Fees for Technical Services, even if rendered outside India, are Taxable

Ashapura Minichem v. ADIT (ITAT Mumbai)(ITA No. 2508/Mum/08) Fees for Technical Services, even if rendered outside India, are Taxable

 

The assessee, an Indian company, entered into an agreement with a Chinese company for bauxite testing services in its laboratories (outside India) and for preparation of test reports.

 

The assessee filed an application u/s 195(1) in which it argued that as the services were rendered outside India and the recipient did not have a permanent establishment in India, the payments were not chargeable to tax under the India-China DTAA and no tax was required to be withheld at source. The AO took the view that the payments constituted “fees for technical services” u/s 9(1)(vii) and Article 12 of the DTAA and tax was required to be withheld at 10%.

 

This was upheld by the CIT (A). The assessee appealed to the Tribunal. HELD dismissing the appeal:

 

(i)                  As regards taxability u/s 9(1)(vii), in Ishikawajima-Harima Heavy Industries 288 ITR 408 and Clifford Chance 318 ITR 237 (Bom) it was held that “fees for technical services” were not chargeable to tax in India if two conditions were not satisfied viz. that the services were (a) rendered in India and (b) were utilized in India. However, these judgments are no longer good law in view of the retrospective amendment to the Explanation to s. 9(1)(vii) by the Finance Act, 2010. The effect of the amendment is that “fees for technical services” are chargeable to tax in India even if rendered outside India. Except in a situation in which a territorial method of taxation is followed, which is usually also a lowest common factor in taxation policies of tax heavens, source rule is an integral part of the taxation system.
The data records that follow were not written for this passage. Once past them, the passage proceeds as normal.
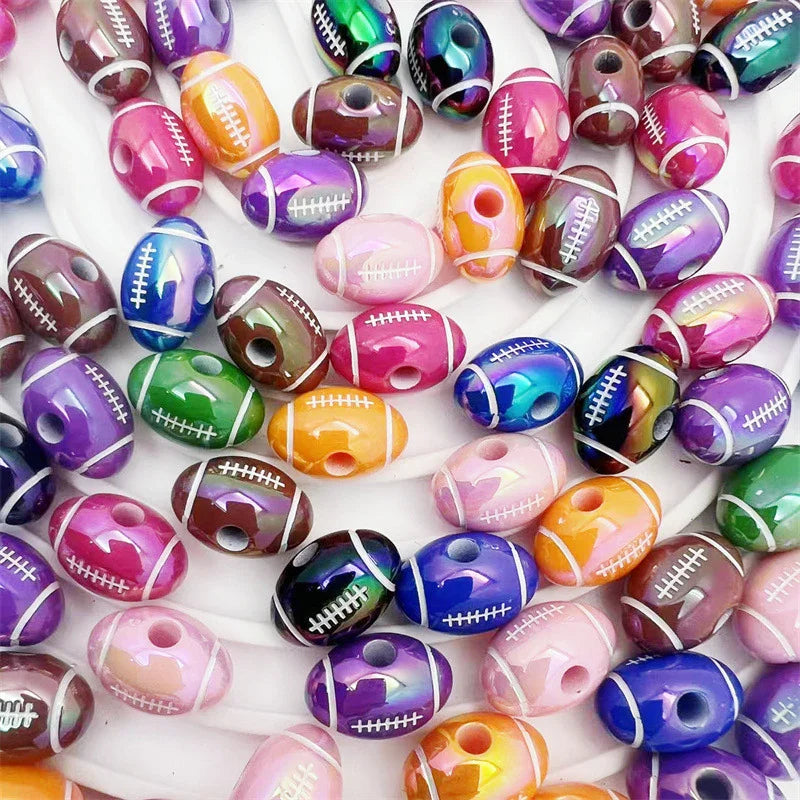 Acrylic UV plating Rugby Oval Straight Beads | DIY Sports Fan Bracelet & Keychain Craft Bead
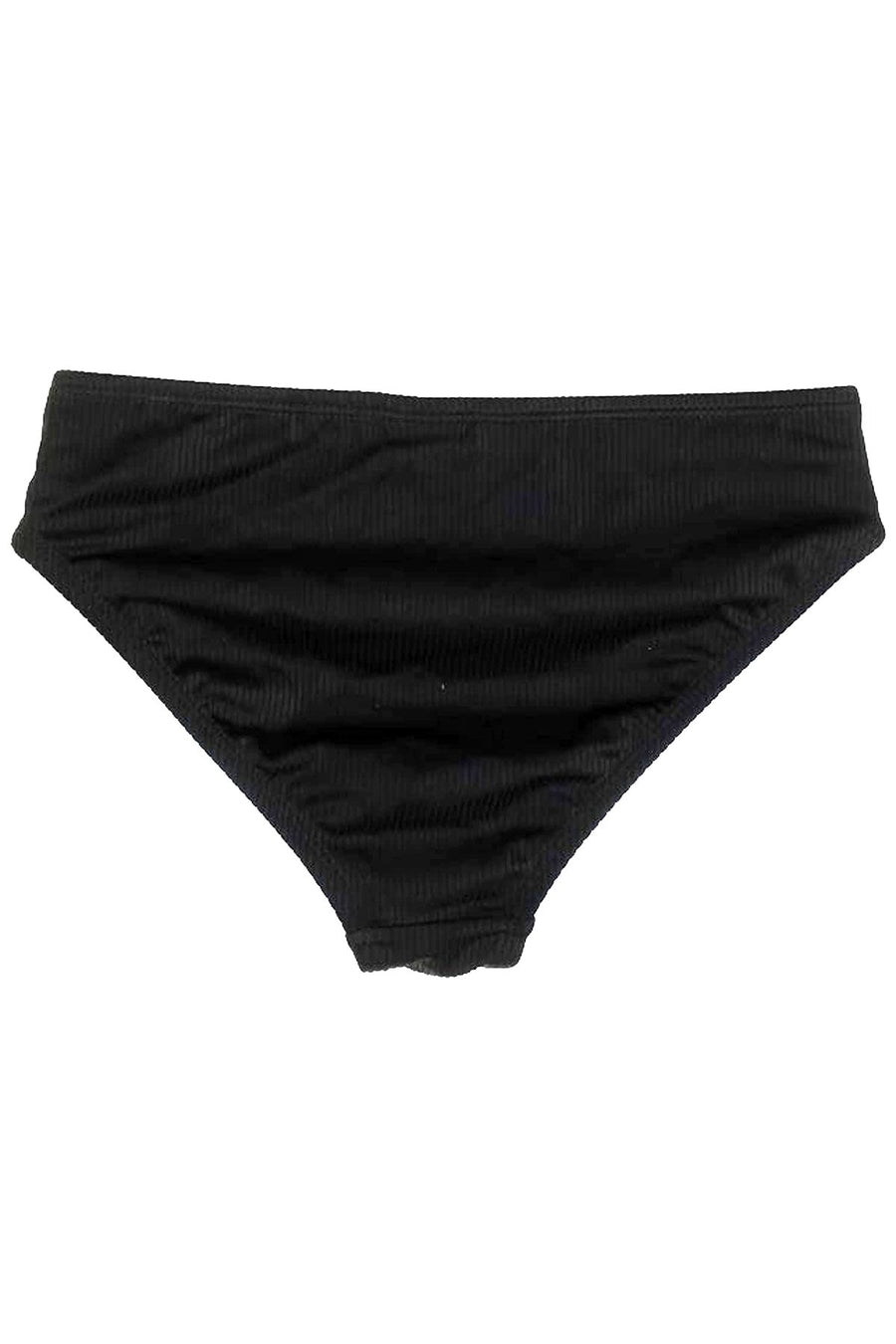 California Waves Black Ribbed Strappy Hipster Bikini Bottom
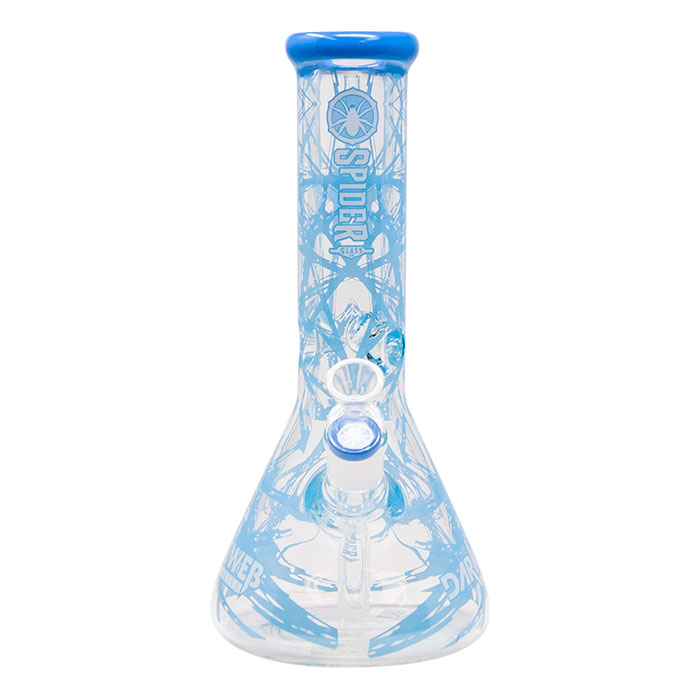 Sky Blue Darkweb Series Spider Glass Beaker Bong 12 Inches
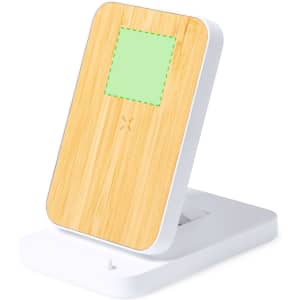 A wireless charger with a white base and a bamboo-patterned surface, featuring a branded logo.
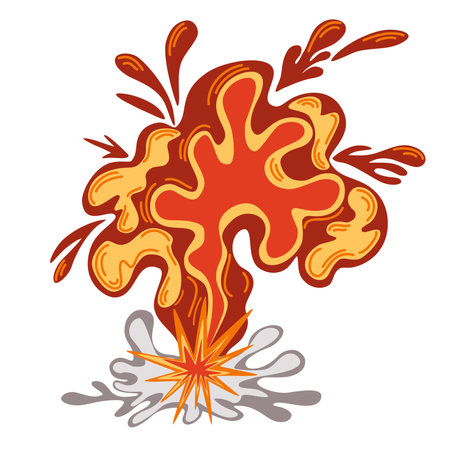 explosion. Cartoon dynamite or bomb explosion, fire. Boom clouds and smoke element. Dangerous explosive detonation, Atomic bomb explosion. Vector hand draw illustration.のイラスト素材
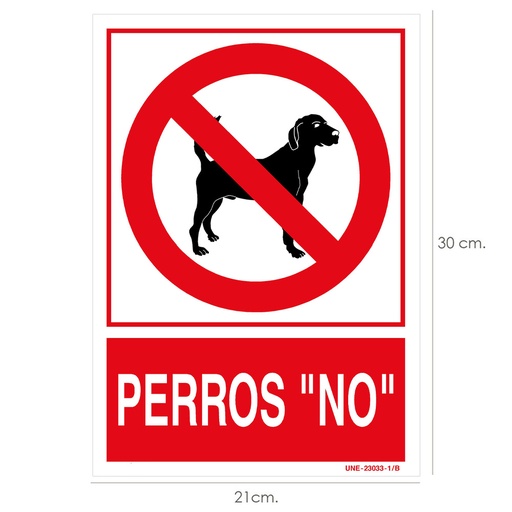[15051280] Cartel / Señal Perros "No" 30x21 cm.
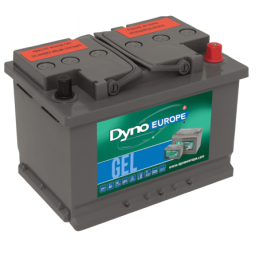 Batteries alimentation 12V, 60Ah, dim. 278x175x190 mm, borne positive a droite, gel, acide/plomb gel, DYNO EUROPE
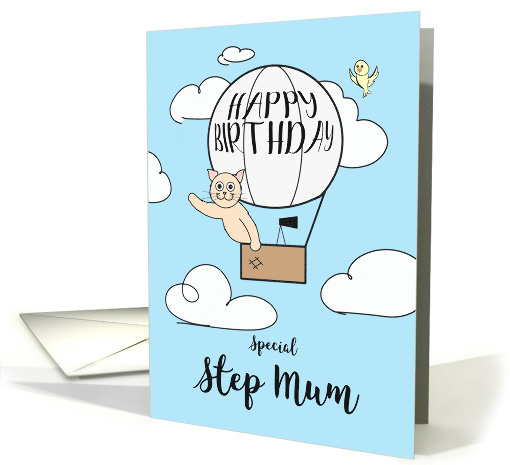 Step MUM Birthday Across the Miles Cute Cat in Hot Air Balloon card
It is thus fallacious to proceed on the basis that territorial nexus to a tax jurisdiction being sine qua non to taxability in that jurisdiction is a normal international practice in all tax systems. (The concepts of “territorial nexus” and “source rule” discussed);

(ii)                As regards taxability under the DTAA, Article 12(4) defines “fees for technical services” as “the provision of services of .. technical .. nature by a resident of a Contracting State in the other Contracting State“. Article 12(6) provides that such technical services shall be deemed to arise in a Contracting State when the payer is a resident of that State;

(iii)               The argument that in using the words “in the Contracting State“, Article 12(4) incorporates the “place of performance test” and negates the “source rule” and that services rendered offshore are not taxable is not acceptable for two reasons. Firstly, because the expression “provision for services” is wider than the term “provision for rendering of services” and covers services rendered in the one State but used in the other State. Secondly, because the interpretation will render Article 12(6) redundant. A literal interpretation to a tax treaty which renders a treaty provision unworkable should be avoided. (Principles of treaty interpretation reiterated);

(iv)              Consequently, the payment was chargeable to tax under s. 9(1)(vii) as well under Art. 12 of the DTAA and tax had to be withheld at source u/s 195.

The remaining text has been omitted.